Un mundo que se confunde con mi mundo interno, porque la atención está puesta en lo que pasa en estos niveles de profundidad, no en lo que “dice” o “trata de decir” el libro. 

Por ejemplo, tengo una facilidad asombrosa para detectar los elementos que no cuadran con mis esquemas mentales —¡hostia, qué fuerte!—, y jugar a qué pasaría en toda mi cabeza si me lo creo: ¿qué cambiaría en mi forma de pensar? ¿Qué haría en coherencia con ello? ¿Cómo afectaría a mis relaciones? 

Pero esta forma de leer —que yo no he elegido, sino que me ha venido impuesta— no cuadraba bien con lo que la escuela me pedía: un resumen fiel al contenido del texto. Por tanto, cada vez que me mandaban una tarea como ésta, se convertía en un suplicio. Iba en contra de lo que yo “era”, pero también por la sensación de que no era capaz de llegar al nivel requerido. 

La vergüenza… esa sensación de que uno no es suficiente ante la mirada del grupo. Y que implica el riesgo de sufrir sanciones o incluso la expulsión si uno no se acomoda a los valores que dan cohesión, en este caso, a la escuela: la fidelidad a una cultura con un componente autoritario que está por encima de las aportaciones que pueda hacer un moco de 10 años. 

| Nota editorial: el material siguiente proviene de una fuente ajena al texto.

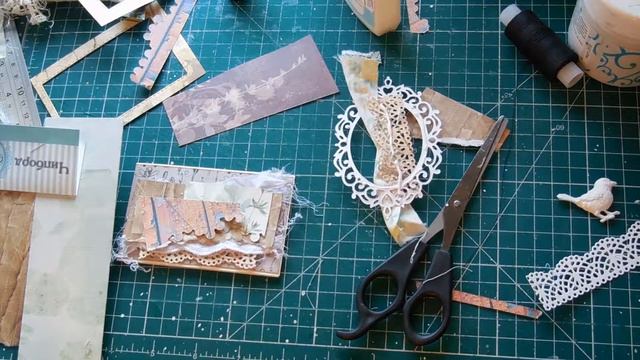 МК "Мини открытка Old Friends" смотреть онлайн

Traté de adaptarme. Hice un gran esfuerzo. Quería hacer las cosas bien, porque si no se me vería como un sujeto defectuoso. Y, claro, no disponía de recursos para defenderme, es decir, para reconocer que lo que me pasaba en la cabeza no era nada malo, sino una peculiaridad, sin más, que también tenía sus ventajas. 

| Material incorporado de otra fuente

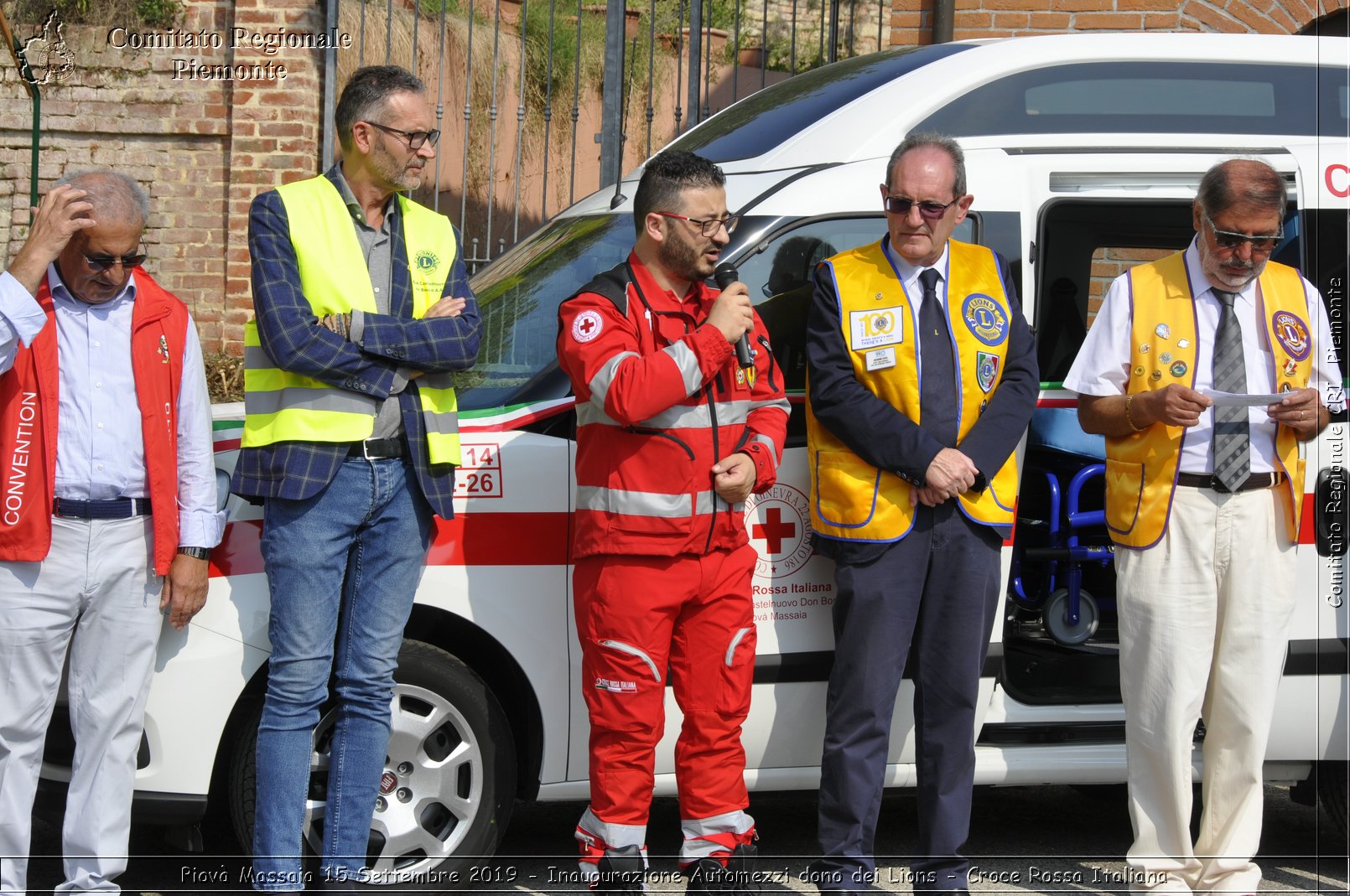 Piov Massaia 15 Settembre 2019 - Inaugurazione Automezzi dono dei Lions - Croce Rossa Italiana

Una peculiaridad oculta bajo el palio de los resultados académicos. 

Unas ventajas que ahora puedo disfrutar de adulto. 

Porque, ahora, no me pidas que haga el resumen de un texto. Te mando a la mierda o te traigo un cubo. Pero ojo si el texto me interesa y siento que hay algo en el que merece la pena. Te aseguro que soy capaz de hacer volar todos mis esquemas y situarme en la mente del autor, como si fuera yo mismo. En su época y su tiempo. Mientras, dejo a un lado mis propias percepciones o pensamientos, dejando que se impregnen, poco a poco, no sólo de lo que confirma sus esquemas, sino también de lo que los cuestiona o compromete. Y el árbol se ramifica, uniendo ideas, y creando nuevos significados. 

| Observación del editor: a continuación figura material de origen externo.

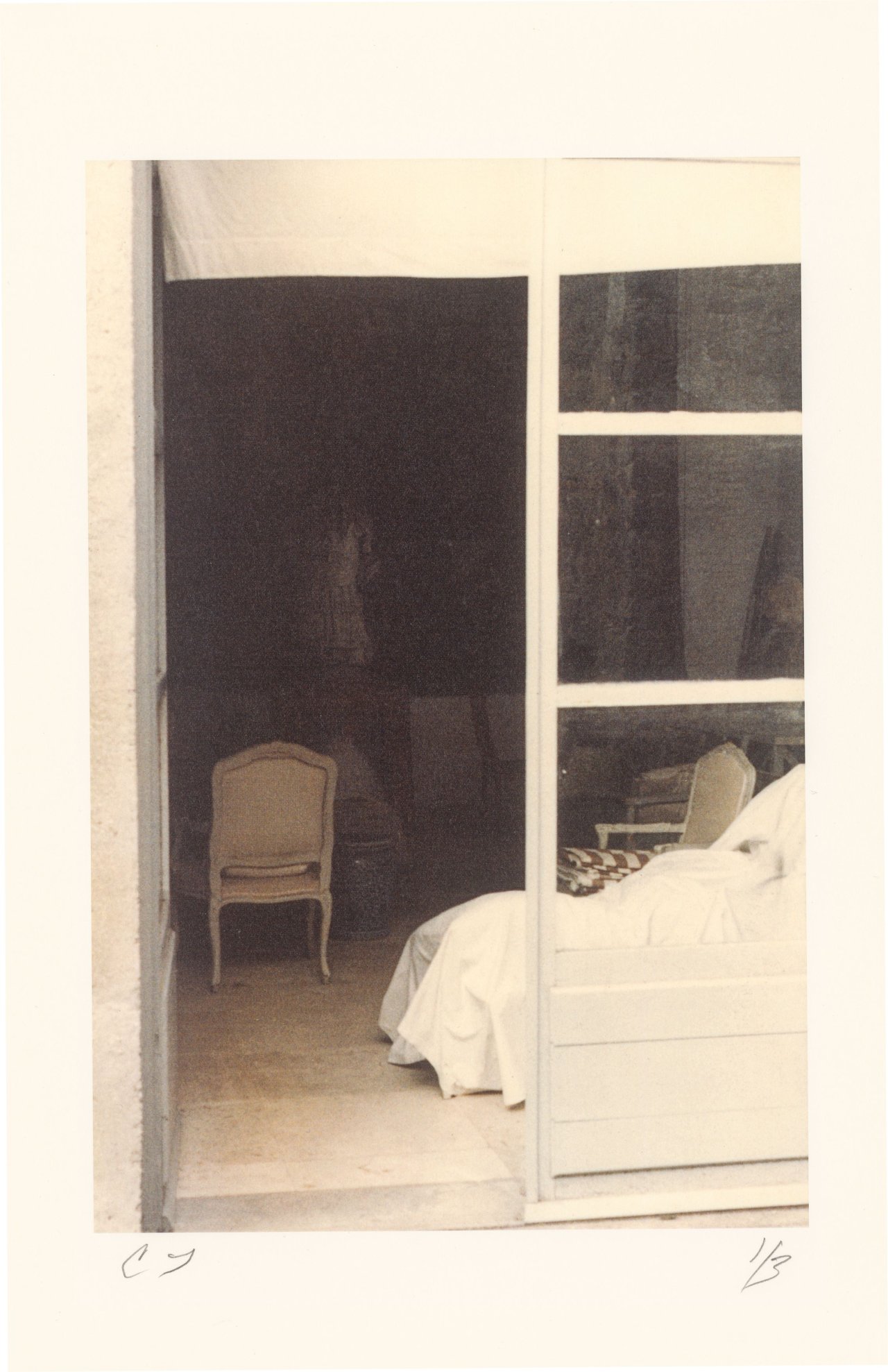Auf diesem Bild ist das folgende Kunstwerk zu sehen: Cy Twombly. Interior, Bassano in Teverina. 1980.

No necesito una lógica lineal de pensamiento. 

No necesito hacer un resumen que interrumpa, de golpe, ese proceso. 

A fecha de hoy, sé que no todo el mundo lee como yo. Se lo que es el “pensamiento arborescente”. Pero el niño que yo fui con 8 o 10 años, no sabía nada de esto. Pensaba que a todos les pasaba igual, que eran como yo, pero disponían de un “plus” que les permitía ejecutar mejor la tarea.

Autocontrol, orden, o lo que sea. 

Y que había algo chungo en mí que me impedía hacer las cosas que para los demás eran sencillas o no requerían tanto esfuerzo. 

Porque en las escuelas, realmente, no se habla de estas diferencias. Y no hacerlo es una forma de violencia contra los cerebros que no se adaptan a las normas. Unas violencias medidas por una serie de intereses que se pueden vislumbrar con unas sencillas preguntas: 

¿Qué tendría que cambiar si aceptásemos públicamente esto?

Y sobre todo, ¿a quién y cómo le afectaría más hacerlo?

Si eres profe, no lo olvides: muchas veces, detrás de lo que parecen meras dificultades académicas, se oculta un mundo maravilloso.